DIRECTIONS FOR THIS TASK —
Set each line of the records down again exactly, please.

** Opening DATA TO PROCESS block **

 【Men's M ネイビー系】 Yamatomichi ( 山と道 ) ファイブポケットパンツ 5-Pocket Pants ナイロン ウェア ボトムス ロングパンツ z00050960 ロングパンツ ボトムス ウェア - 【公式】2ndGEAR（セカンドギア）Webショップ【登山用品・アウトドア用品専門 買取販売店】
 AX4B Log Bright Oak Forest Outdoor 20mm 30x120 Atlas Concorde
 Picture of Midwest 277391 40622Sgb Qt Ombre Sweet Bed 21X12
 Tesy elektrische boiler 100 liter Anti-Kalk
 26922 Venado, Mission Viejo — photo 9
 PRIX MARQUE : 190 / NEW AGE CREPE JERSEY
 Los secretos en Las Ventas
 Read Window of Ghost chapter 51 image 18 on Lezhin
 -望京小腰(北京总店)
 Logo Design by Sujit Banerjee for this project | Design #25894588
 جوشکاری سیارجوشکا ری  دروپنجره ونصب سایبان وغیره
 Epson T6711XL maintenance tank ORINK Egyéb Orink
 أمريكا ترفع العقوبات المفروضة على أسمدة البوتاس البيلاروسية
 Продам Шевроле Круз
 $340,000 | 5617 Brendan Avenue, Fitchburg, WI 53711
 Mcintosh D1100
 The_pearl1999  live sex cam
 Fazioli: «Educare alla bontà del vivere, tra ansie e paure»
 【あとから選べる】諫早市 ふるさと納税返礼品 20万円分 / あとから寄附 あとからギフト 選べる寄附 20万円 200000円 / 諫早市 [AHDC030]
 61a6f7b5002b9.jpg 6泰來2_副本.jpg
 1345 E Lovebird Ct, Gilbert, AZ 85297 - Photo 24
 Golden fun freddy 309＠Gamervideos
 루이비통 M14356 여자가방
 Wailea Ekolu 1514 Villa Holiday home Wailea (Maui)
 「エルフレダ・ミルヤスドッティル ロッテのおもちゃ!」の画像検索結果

** Closing DATA TO PROCESS block **

SOLUTION —
 【Men's M ネイビー系】 Yamatomichi ( 山と道 ) ファイブポケットパンツ 5-Pocket Pants ナイロン ウェア ボトムス ロングパンツ z00050960 ロングパンツ ボトムス ウェア - 【公式】2ndGEAR（セカンドギア）Webショップ【登山用品・アウトドア用品専門 買取販売店】
 AX4B Log Bright Oak Forest Outdoor 20mm 30x120 Atlas Concorde
 Picture of Midwest 277391 40622Sgb Qt Ombre Sweet Bed 21X12
 Tesy elektrische boiler 100 liter Anti-Kalk
 26922 Venado, Mission Viejo — photo 9
 PRIX MARQUE : 190 / NEW AGE CREPE JERSEY
 Los secretos en Las Ventas
 Read Window of Ghost chapter 51 image 18 on Lezhin
 -望京小腰(北京总店)
 Logo Design by Sujit Banerjee for this project | Design #25894588
 جوشکاری سیارجوشکا ری  دروپنجره ونصب سایبان وغیره
 Epson T6711XL maintenance tank ORINK Egyéb Orink
 أمريكا ترفع العقوبات المفروضة على أسمدة البوتاس البيلاروسية
 Продам Шевроле Круз
 $340,000 | 5617 Brendan Avenue, Fitchburg, WI 53711
 Mcintosh D1100
 The_pearl1999  live sex cam
 Fazioli: «Educare alla bontà del vivere, tra ansie e paure»
 【あとから選べる】諫早市 ふるさと納税返礼品 20万円分 / あとから寄附 あとからギフト 選べる寄附 20万円 200000円 / 諫早市 [AHDC030]
 61a6f7b5002b9.jpg 6泰來2_副本.jpg
 1345 E Lovebird Ct, Gilbert, AZ 85297 - Photo 24
 Golden fun freddy 309＠Gamervideos
 루이비통 M14356 여자가방
 Wailea Ekolu 1514 Villa Holiday home Wailea (Maui)
 「エルフレダ・ミルヤスドッティル ロッテのおもちゃ!」の画像検索結果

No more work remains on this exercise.